Tech, people and learned helplessness

I've had the most frustrating morning of dealing with basic computer issues, and re-explaining things to the same people who pretended to understand them weeks ago. It got me thinking about designing systems that people interact with. It seems that if you ask a normal person their response is either to train the person, or add some instructions to the tool. The idea that the tool might be flawed seldom comes up, and only after it's clear that the person isn't at fault.

Explanations are a flawed method because people only go to them after they have problems, which means they'll already have decided that a) they don't understand the tool or b) the tool sucks. Once someone has decided that, it's very difficult to change their minds. That's why so many older people are terrified of computers, despite how much easier they've become. Back when they first tried, missing a comma on a command meant you had to start over. I'd be paranoid in their situation too.

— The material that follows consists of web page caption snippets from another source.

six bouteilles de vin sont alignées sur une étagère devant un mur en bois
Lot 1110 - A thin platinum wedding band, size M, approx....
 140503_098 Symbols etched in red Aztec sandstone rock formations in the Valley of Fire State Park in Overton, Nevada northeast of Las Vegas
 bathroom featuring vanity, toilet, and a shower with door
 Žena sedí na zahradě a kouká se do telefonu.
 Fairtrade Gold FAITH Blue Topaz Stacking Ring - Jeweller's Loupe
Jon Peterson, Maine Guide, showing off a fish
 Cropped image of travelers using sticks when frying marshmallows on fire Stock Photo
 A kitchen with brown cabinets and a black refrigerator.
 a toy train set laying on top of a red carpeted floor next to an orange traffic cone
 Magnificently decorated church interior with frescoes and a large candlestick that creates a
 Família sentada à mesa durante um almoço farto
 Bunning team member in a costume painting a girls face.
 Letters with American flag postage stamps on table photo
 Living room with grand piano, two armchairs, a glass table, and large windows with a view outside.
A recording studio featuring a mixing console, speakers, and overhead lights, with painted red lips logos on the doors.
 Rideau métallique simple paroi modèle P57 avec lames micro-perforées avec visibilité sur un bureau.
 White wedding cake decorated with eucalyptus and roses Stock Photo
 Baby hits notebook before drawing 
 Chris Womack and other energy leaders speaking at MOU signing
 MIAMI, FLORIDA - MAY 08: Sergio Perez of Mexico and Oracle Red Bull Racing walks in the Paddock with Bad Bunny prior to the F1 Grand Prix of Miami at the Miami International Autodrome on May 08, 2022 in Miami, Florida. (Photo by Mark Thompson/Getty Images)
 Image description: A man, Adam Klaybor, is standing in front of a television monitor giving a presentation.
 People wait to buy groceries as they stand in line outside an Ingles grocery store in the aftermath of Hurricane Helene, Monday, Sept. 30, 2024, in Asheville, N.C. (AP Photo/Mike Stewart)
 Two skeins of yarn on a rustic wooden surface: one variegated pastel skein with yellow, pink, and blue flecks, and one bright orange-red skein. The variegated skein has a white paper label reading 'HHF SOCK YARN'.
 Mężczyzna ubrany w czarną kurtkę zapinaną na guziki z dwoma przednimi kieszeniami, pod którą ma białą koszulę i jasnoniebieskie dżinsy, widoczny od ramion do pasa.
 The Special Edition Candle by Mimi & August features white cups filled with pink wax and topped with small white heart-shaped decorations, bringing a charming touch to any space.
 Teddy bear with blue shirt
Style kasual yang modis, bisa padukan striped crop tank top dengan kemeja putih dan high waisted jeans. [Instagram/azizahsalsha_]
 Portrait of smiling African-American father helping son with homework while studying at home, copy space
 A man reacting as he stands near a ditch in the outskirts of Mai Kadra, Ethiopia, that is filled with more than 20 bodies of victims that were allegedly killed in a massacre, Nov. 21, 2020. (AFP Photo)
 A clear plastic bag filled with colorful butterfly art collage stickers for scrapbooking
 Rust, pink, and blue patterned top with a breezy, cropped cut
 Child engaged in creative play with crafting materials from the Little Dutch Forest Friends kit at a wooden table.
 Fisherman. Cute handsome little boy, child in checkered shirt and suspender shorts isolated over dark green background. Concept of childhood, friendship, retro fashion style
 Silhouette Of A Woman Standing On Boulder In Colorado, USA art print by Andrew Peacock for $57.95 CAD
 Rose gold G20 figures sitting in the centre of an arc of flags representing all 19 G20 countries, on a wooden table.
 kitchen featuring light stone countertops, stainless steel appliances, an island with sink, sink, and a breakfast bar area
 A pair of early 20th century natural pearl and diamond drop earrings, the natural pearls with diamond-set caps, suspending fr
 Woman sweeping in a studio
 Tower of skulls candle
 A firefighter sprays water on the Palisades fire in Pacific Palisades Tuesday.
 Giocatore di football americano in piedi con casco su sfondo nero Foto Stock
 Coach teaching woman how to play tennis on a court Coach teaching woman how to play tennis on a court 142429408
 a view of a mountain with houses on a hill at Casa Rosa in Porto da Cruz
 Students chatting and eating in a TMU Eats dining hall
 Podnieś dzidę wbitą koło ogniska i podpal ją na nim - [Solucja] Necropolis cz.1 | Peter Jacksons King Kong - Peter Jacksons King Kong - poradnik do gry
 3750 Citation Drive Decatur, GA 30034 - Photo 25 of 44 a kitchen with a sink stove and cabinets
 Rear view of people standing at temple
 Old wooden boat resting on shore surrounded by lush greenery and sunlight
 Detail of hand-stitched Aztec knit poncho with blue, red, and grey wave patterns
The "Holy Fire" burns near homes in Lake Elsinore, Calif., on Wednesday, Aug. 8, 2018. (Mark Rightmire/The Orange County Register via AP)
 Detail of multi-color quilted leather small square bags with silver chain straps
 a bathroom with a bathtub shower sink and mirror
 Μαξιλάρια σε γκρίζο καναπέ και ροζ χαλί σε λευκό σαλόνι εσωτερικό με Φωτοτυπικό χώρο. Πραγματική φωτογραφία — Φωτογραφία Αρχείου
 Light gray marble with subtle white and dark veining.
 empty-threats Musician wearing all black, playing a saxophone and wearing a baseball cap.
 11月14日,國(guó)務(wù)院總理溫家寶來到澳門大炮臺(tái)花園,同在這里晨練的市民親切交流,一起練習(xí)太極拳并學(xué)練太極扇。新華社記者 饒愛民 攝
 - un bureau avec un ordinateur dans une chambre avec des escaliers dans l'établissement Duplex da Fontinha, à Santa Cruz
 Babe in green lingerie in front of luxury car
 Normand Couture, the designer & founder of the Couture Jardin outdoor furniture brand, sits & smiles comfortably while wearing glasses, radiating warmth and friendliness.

What I'm still puzzled about is whether or not there's a good way to reverse that learned helplessness. The only way I've found is to throw out the existing tool and replace it with a new one. Reformatting the existing tool often doesn't work, since the underlying structure or premise is where the real problem is. The model the developer used to describe what the program does is out of sync with the model of the user. This is usually exacerbated by the fact most users can't accurately describe their models. If they could, they'd be programmers.

So now my task is to try and figure out people's models without actually asking them to describe them, since they'd probably get it wrong. I don't mean this to suggest most people are stupid, just that they don't have the skill set or experience to accurately break down something to the point a machine can understand it.